TASK REQUIREMENTS: Please repeat exactly the lines from the one containing "Δεν υπάρχουν μόνο" to the end of the entries below, both included, and omit all pictures.

EXTRACTED DATA START

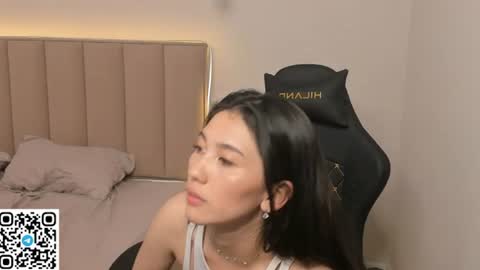 _iris_on_cam_ online show from July 11, 2026, 4:21 pm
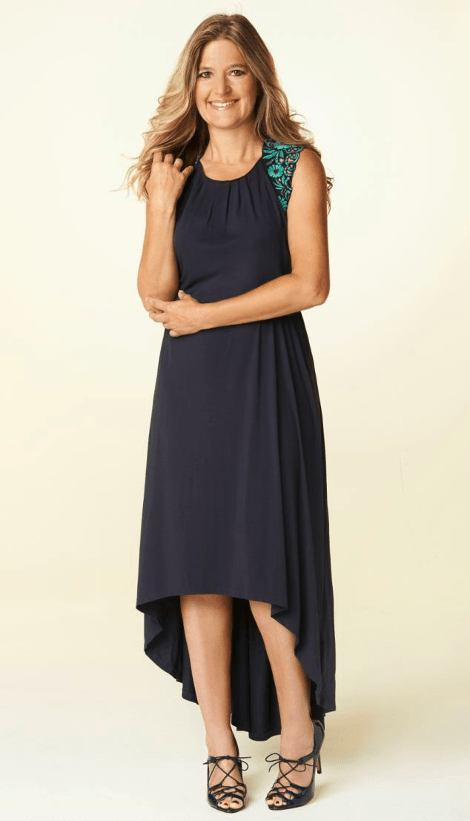 Δεν υπάρχουν μόνο τα «μίνι» -Στιλάτα φορέματα και φούστες που αναδεικνύουν καλύτερα τα γυναικεία πόδια [εικόνες] | iefimerida.gr 0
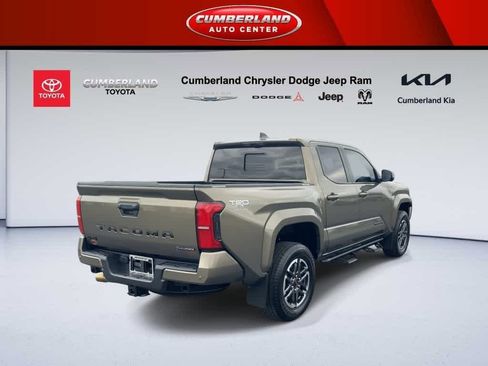 Used 2025 Toyota Tacoma TRD Sport w/ TRD Sport Premium Package image 8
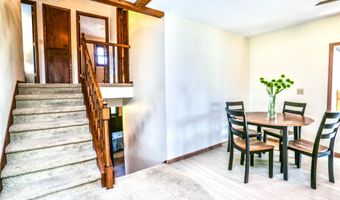 903 Willow Dr, Aberdeen, SD 57401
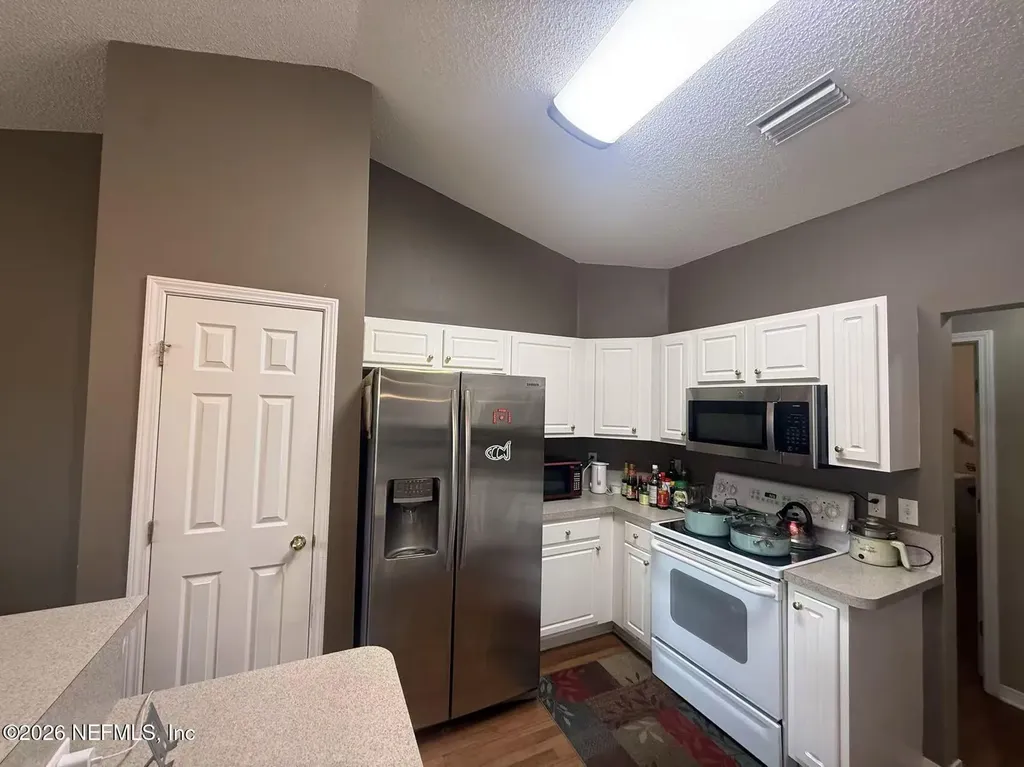 1666 Avenger Lane Jacksonville FL 32221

EXTRACTED DATA END

ANSWER SECTION:
 Δεν υπάρχουν μόνο τα «μίνι» -Στιλάτα φορέματα και φούστες που αναδεικνύουν καλύτερα τα γυναικεία πόδια [εικόνες] | iefimerida.gr 0
 Used 2025 Toyota Tacoma TRD Sport w/ TRD Sport Premium Package image 8
 903 Willow Dr, Aberdeen, SD 57401
 1666 Avenger Lane Jacksonville FL 32221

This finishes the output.